When Presidential Character Once Mattered

Victor Davis Hanson is a national treasure — here he is on the mostly unknown history of presidential character:

Here’s why I did not vote for Franklin D. Roosevelt, Harry Truman, Dwight D. Eisenhower, John F. Kennedy, Lyndon B. Johnson, and Ronald Reagan—despite their records.

1944: Sorry, I am not voting for a fourth term for Franklin D. Roosevelt. He’s a vindictive character and has brought disrepute into the White House. When he didn’t get his way, he pouted and tried to pack the Supreme Court. When critics went after him, he threatened them with targeted regulations and taxes to silence them. He signed the order putting Japanese-Americans in internment camps—another one of his “executive orders” that he so often has abused.

Then there are those rumors. Have we ever had a president who used his own daughter as a conduit to conduct an affair while in the White House? And who knows what Eleanor was doing at the time? Why hide the truth about his health? Anybody who sees or hears the president, knows his army of conspiratorial aides are lying about his ailments as they always do. We’ve known all along that he was paralyzed—and not simply partially disabled, when his braces and aides staged his standing up to make us believe he could almost walk.

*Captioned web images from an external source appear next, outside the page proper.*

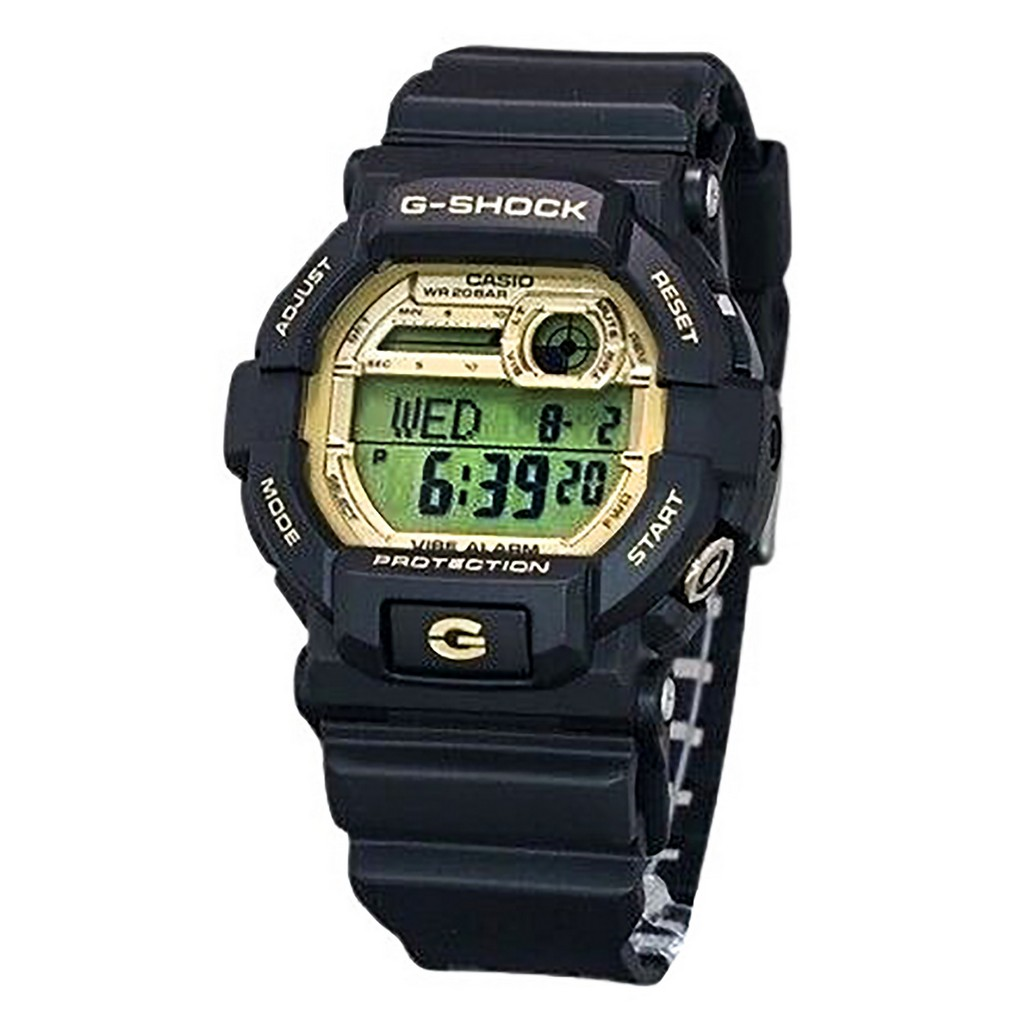 再生品 Casio G-SHOCK 10th Anniversary デジタル 樹脂ベルト Gold Dial クォーツ GD-350GB-1 200m防水 メンズ腕時計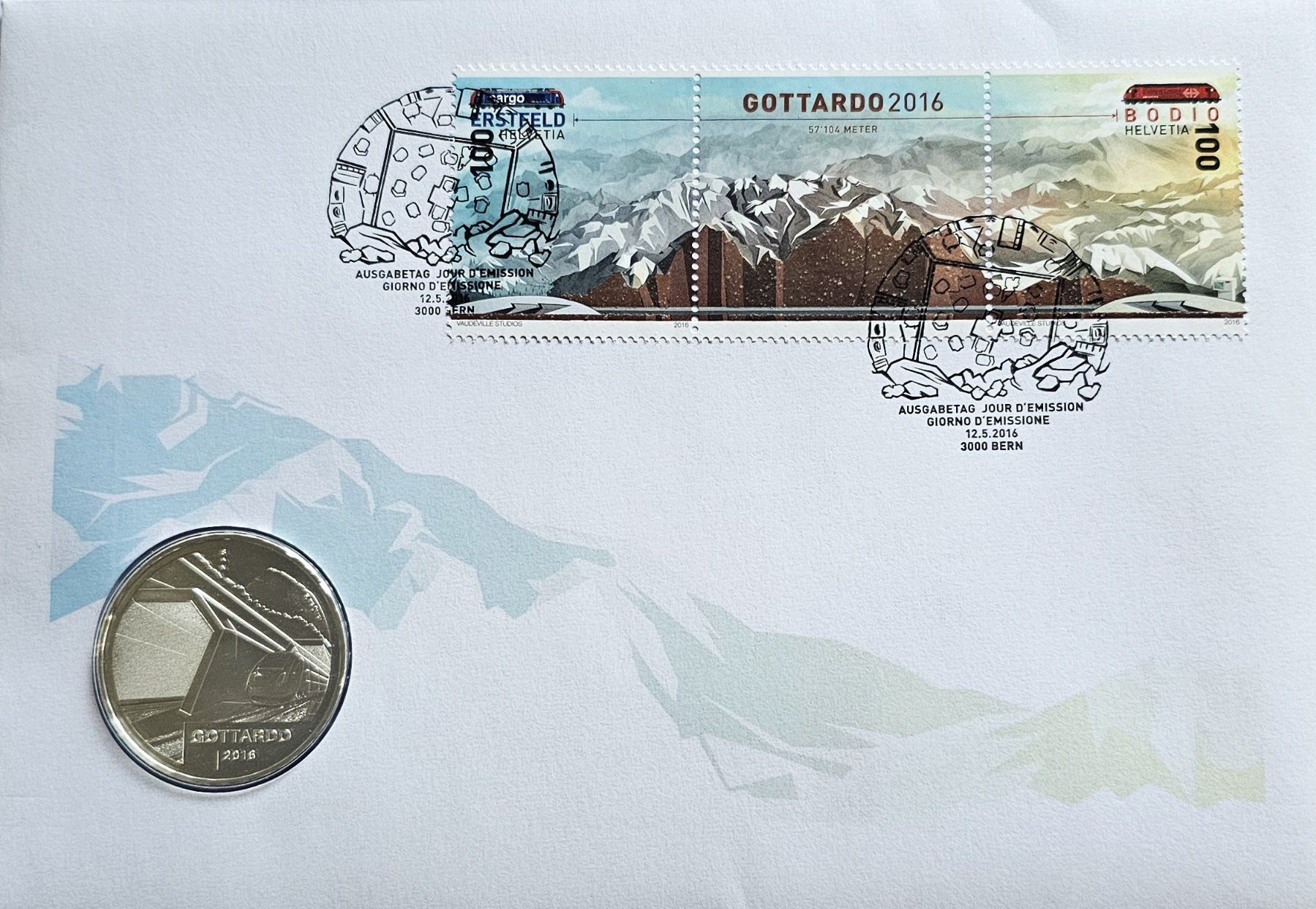 Tutti le monete: Numisbrief Silber Gottardo 2016 – Nuovo (secondo la descrizione) da Nottwil venduto da eschumedu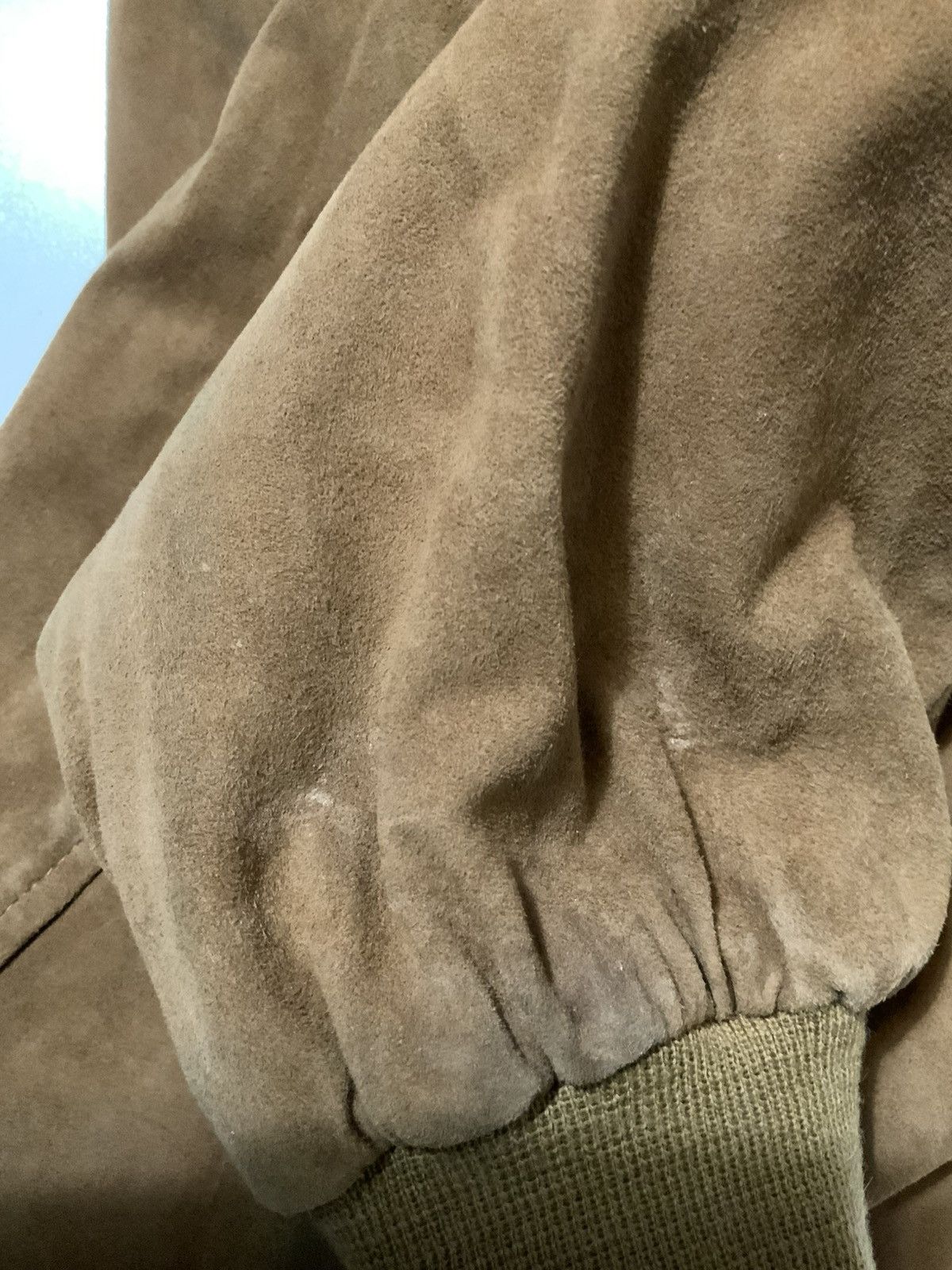 Golden Bear × Vintage Vintage Golden Bear Suede Leather Cognac Zip Bomber Jacket Size US XL / EU 56 / 4 - 12 Thumbnail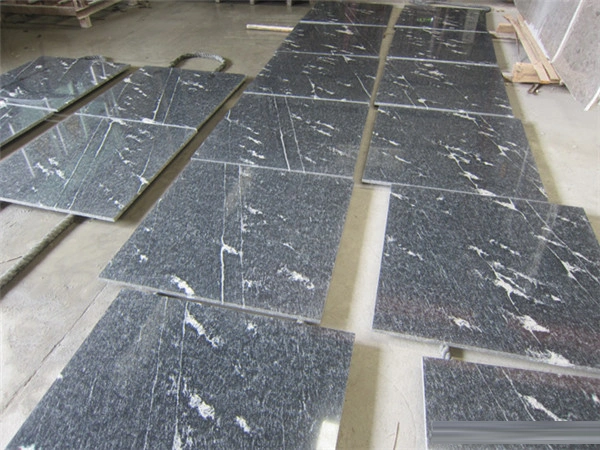 China Natural stone snow grey Polished/Honed/Flamed/brushed/Sandblasted granite tiles for interiors/ exterior/outdoor floor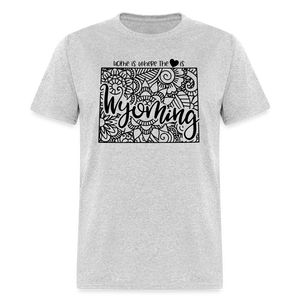 1260 1/4S Home Is Wyoming TSHIRT - heather gray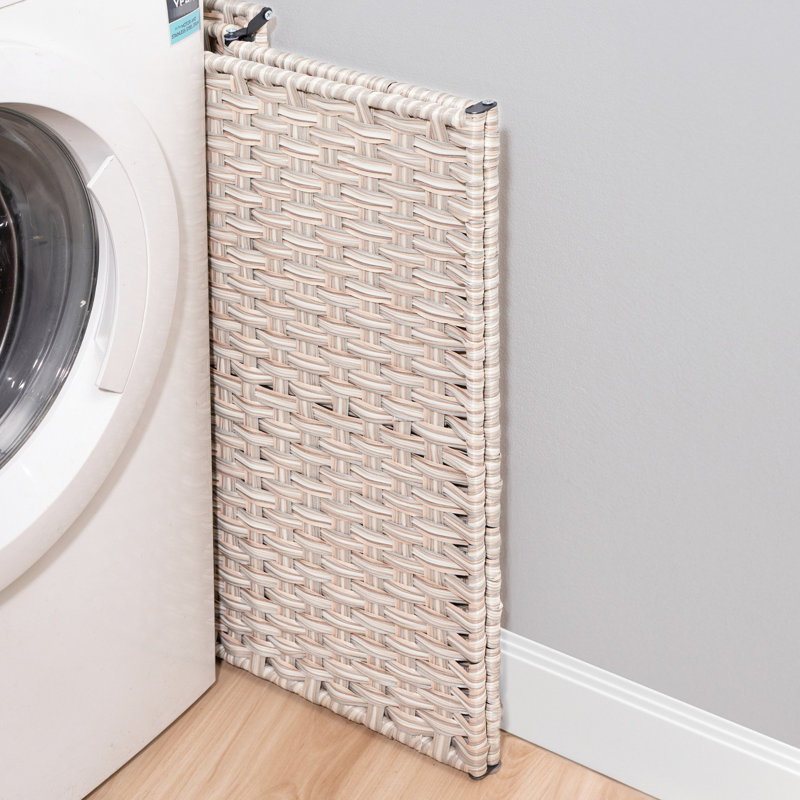 Panier à linge avec couvercle et sacs amovibles - Contenant gris de 160 l pour l'organisation de la salle de bain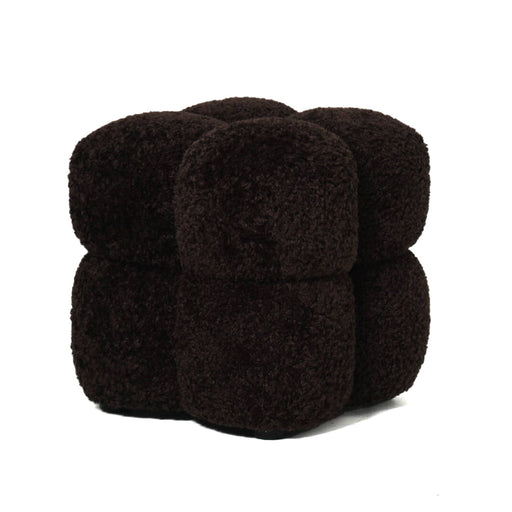 Poef Teddy Polyester Bruin-Poefs-PTMD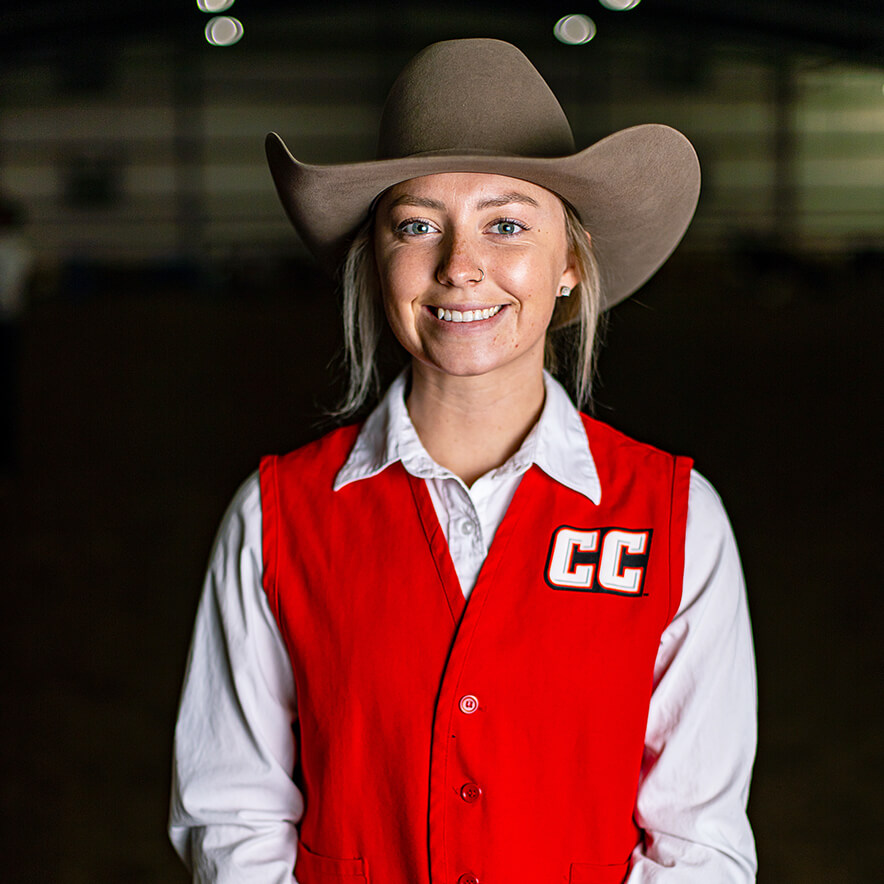 Photo of Casper College Rodeo team member Makayla Seely.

The president is now wasting away. Rumors are that his blood pressure is dangerously high and won’t go down. It’s Woodrow Wilson all over again, when they lied that his stroke was never serious, even as the guy was near comatose as his wife ran the country. FDR’s advisors know that he won’t make it six months if elected a fourth time. (What president before has even run for a third term?) They are hiding that fact to make sure the Democrats keep control of the presidency once he dies in office. There should be a constitutional amendment or something to remove an incapacitated president.